David Condado; Emerson Sadurní

doi:10.31349/RevMexFis.71.050401

Authors

D. Condado Instituto de Física, BUAP https://orcid.org/0000-0001-7779-1320
E. Sadurní Instituto de Física, BUAP https://orcid.org/0000-0003-1653-9409

DOI:

https://doi.org/10.31349/RevMexFis.71.050401

Keywords:

Graphene, Triangulene, Edge States, Exact solutions, Graphs

Abstract

A triangular graphenic billiard is defined as a planar carbon polymer in the Hückeloid approximation of π−band electrons. It is shown that the equilateral triangle of arbitrary size and zig-zag edges allows for exact solutions of the associated spectral problem. This is done by a construction of wave superpositions similar to the Lamé solution of the Helmholtz equation in a triangular cavity, revisited by Pinsky. Exact wave functions, eigenvalues, degeneracies, and edge states are provided.

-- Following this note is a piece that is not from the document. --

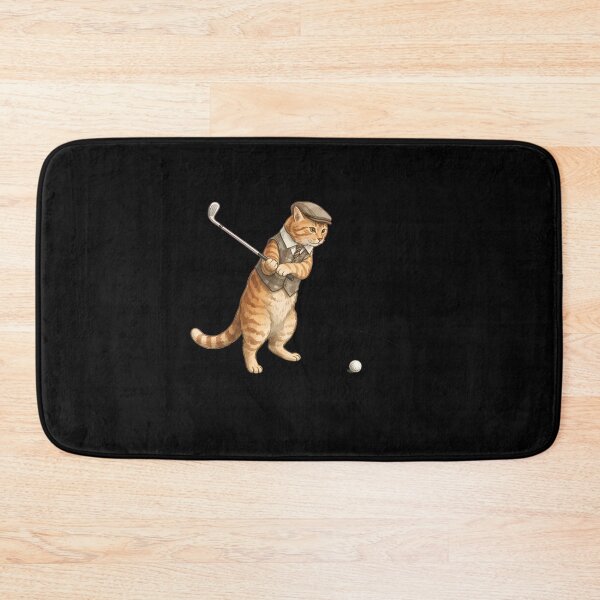 Item preview, Cat golf Player designed and sold by Dmo3HarkoArt.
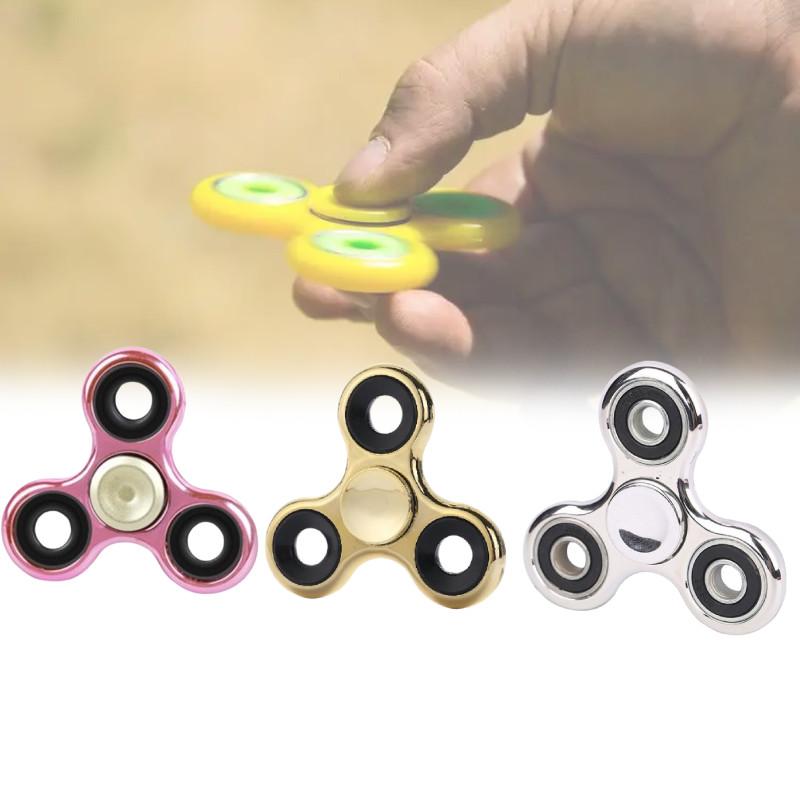 Metal Alloy Finger Gyroscope Child Toys Bearings Concentration Anxiety Reduction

The edge states are also obtained by a non-periodic construction of waves with vanishing energy. A comment on its connection with recent molecular models, such as triangulene, is given.

Author Biography

E. Sadurní, Instituto de Física, BUAP

Dr. Sadurni is a full-time professor at IFUAP since 2011. SNI II, PRODEP distinction. Research interests: Mathematical Physics.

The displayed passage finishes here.